By mid-July, the Italian offense against Malta was exhausted. On July 27 the C.202s presence over Malta was dealt a demoralizing and staggering blow. Thirteen Macchis (11 of 20° Gruppo and two of 155° Gruppo) were assigned as indirect escort for nine Ju 88s. Twenty-two Spitfires from 185, 249 and 126 Squadrons scrambled to intercept. As the Spitfires began their attacks on the Ju 88s the C.202s moved to help the bombers. At the same moment, the pilots of 249 Squadron spotted the Macchis. Sergeant Beurling flying (BR301/UF-S) latched onto a C.202 and with a straight deflection shot hit the engine and radiator. His victim was Sergeant Magg Falerio of 378 Squadriglia who claimed three Malta Spitfires. As he had done so many times before Beurling methodically moved onto his next target and fired. “The poor devil simply blew to pieces in the air.” Captain Furio Doglio Niclot, the top Italian ace of Malta, was hit and crashed into the sea. For the Italians it was a body blow. Squadron mate, Ronaldo Scaroni recalled: “When he died, some of the fighting spirit of the Regia Aeronautica died with him. There was a feeling that if Doglio Niclot couldn’t survive, none of us could. For the first time, we began to doubt that Malta could be taken.” Not only did the Italians lose one of their leading aces (6 plus 3 shared), the serviceability rates of the C.202 was so poor they were forced to cease all operations at the end of the month.
October would see an all-out effort by both the Regia Aeronautica and Luftwaffe. The RA mustered close to 100 C.202s belonging to the 51° and 53° Stormos. The Germans would add 58 Bf 109F-4s/G-2s. The British could now respond with 113 Spitfire Mk. Vs. The so-called ‘October Blitz’ commenced on the 11th and ended on 18th. No airfields were put out of action for longer than 30 minutes, and on average, 74 Spitfires were ready each day. After suffering heavy losses the RA and Luftwaffe reverted to fighter sweeps and small-scale fighter-bomber raids. By the end of October, the siege of Malta was all but over. The defenders had weathered several storms and RAF claims for October were as follows: 126 confirmed of which 17 were C.202s, 62 probables, 3 being C.202s and 162 damaged, 18 being C.202s.

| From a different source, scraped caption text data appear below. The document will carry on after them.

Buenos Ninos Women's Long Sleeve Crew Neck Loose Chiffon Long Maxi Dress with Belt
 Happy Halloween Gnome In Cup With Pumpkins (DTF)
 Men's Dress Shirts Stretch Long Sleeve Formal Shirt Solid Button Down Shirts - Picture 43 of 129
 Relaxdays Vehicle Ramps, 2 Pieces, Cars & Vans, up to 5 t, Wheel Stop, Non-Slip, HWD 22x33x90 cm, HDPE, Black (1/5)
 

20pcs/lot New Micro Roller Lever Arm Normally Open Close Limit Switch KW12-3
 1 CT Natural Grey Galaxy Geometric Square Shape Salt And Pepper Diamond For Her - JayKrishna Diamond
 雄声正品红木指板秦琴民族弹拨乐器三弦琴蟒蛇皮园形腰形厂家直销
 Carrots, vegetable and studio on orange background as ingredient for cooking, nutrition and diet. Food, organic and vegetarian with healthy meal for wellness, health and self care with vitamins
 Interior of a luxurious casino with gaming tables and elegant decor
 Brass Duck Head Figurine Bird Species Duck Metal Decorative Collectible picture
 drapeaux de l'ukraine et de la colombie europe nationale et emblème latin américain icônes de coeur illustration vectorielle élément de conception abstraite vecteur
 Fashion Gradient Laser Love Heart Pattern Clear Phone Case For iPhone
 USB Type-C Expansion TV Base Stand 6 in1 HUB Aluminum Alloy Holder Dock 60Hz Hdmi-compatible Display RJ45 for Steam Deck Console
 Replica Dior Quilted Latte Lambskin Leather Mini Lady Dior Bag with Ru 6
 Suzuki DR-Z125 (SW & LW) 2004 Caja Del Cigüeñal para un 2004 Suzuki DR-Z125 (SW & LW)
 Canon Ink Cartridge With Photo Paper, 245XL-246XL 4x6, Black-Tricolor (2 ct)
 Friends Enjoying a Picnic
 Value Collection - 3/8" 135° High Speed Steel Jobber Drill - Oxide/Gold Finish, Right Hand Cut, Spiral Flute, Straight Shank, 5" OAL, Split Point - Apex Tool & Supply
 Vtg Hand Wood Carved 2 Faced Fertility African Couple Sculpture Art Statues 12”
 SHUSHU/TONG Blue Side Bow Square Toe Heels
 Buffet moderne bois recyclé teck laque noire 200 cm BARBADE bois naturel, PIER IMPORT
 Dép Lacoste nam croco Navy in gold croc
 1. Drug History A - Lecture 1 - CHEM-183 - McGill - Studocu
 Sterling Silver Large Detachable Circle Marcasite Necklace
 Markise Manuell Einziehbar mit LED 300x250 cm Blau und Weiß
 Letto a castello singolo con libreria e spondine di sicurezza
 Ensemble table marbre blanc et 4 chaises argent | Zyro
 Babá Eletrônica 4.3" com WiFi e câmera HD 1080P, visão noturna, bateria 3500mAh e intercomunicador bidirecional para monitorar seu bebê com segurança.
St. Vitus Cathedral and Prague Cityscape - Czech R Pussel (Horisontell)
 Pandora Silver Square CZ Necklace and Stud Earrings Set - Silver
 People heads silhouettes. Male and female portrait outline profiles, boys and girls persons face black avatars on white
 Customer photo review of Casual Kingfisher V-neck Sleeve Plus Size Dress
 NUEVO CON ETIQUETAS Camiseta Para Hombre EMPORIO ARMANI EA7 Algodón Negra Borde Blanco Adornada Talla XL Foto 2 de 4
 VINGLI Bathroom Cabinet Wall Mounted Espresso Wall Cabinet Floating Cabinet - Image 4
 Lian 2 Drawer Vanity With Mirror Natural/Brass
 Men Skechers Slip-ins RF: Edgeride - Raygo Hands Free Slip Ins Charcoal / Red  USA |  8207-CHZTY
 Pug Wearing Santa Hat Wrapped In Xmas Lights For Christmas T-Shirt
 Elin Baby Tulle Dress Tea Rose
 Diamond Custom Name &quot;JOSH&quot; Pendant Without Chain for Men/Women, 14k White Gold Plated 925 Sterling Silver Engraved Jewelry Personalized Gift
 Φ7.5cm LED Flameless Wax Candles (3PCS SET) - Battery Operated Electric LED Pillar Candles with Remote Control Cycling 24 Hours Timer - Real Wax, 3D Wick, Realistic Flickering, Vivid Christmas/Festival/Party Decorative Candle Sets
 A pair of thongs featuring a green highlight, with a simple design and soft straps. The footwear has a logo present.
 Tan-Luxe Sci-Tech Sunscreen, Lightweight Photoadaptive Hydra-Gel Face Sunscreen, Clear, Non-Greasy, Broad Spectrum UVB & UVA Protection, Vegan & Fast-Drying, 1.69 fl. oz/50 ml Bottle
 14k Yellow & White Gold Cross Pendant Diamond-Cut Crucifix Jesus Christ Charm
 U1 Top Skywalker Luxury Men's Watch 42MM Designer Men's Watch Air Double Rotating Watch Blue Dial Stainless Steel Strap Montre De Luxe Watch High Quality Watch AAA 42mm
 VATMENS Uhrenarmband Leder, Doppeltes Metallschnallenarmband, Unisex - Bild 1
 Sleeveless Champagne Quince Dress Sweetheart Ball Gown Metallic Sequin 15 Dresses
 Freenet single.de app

In the end, the Spitfire Mk. V and C.202 were so evenly matched, victory often came down to a number of battle proven variables. In this respect the British had the upper hand. Their excellent radar and fighter control matched with their superior tactics, leadership, better armament and individual pilot skills gave them an advantage the Italians were hard pressed to match.